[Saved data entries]
☆ ☆ ☆ ☆
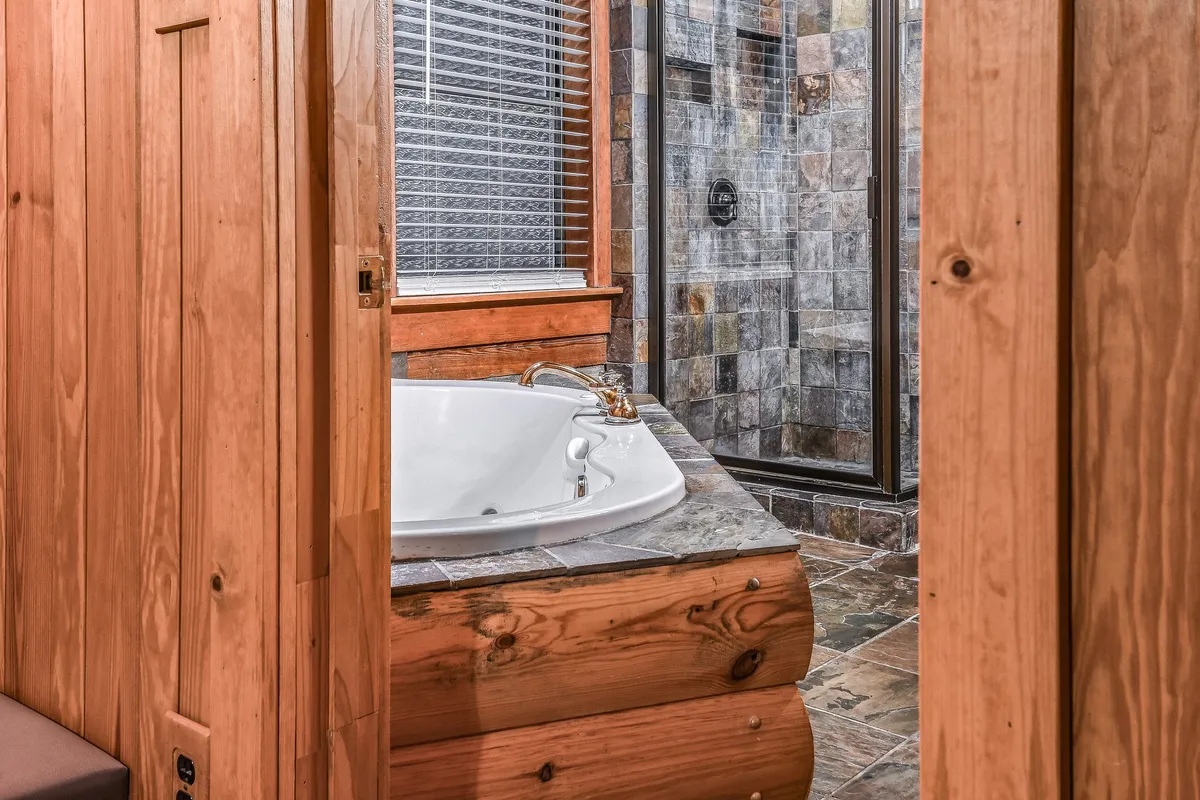 A bathroom oasis featuring a luxurious jacuzzi tub, a stone tile walk-in shower, and wood paneling that adds warmth. Gentle lighting makes the space feel serene and inviting, perfect for unwinding and self-care at the end of the day.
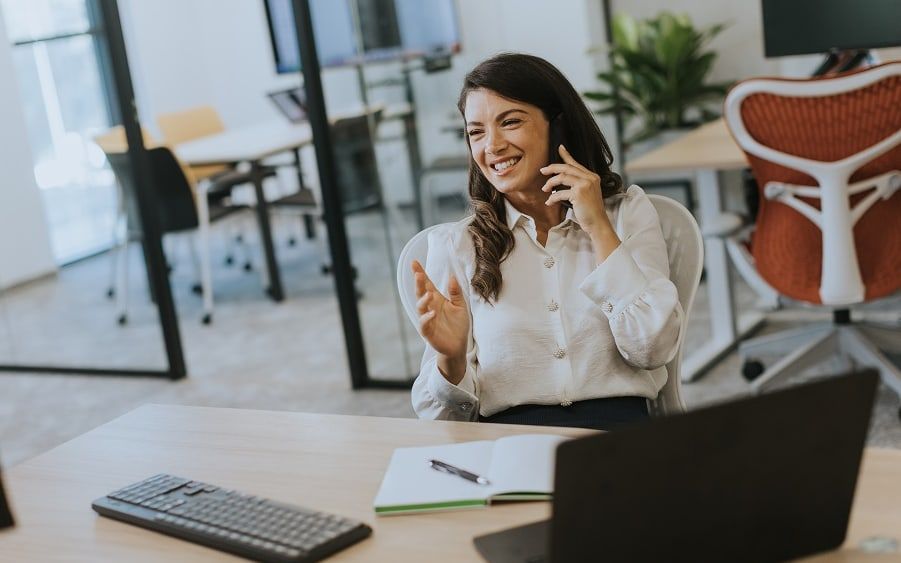 A woman on a call at her desk, gesturing as she talks, an open-plan office behind her.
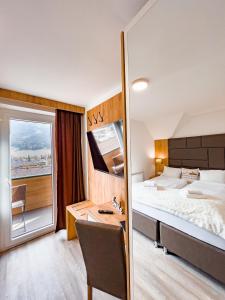 Postel nebo postele na pokoji v ubytování Sylpaulerhof Aparthotel + 37 fotografií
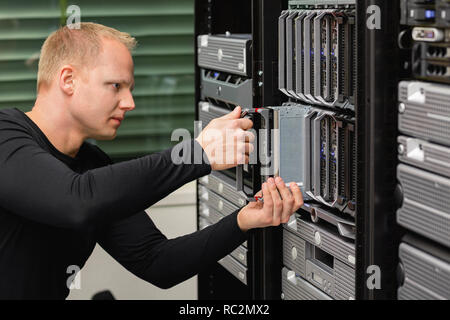 Male Technical Consultant Replacing Blade Server In SAN At Datacenter Stock Photo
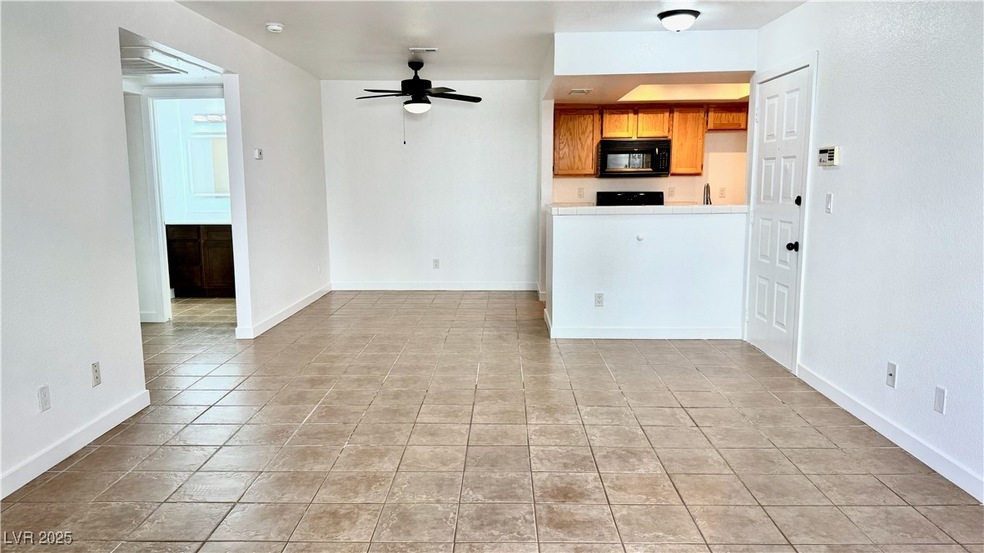Unfurnished living room with light tile patterned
☆ ☆ ☆ ☆
▶ **Assignment**
Give back exactly the lines from the line with "Male Technical Consultant" through the end of the records, both included; keep all pictures out.

▶ **Answer area**
 Male Technical Consultant Replacing Blade Server In SAN At Datacenter Stock Photo
Unfurnished living room with light tile patterned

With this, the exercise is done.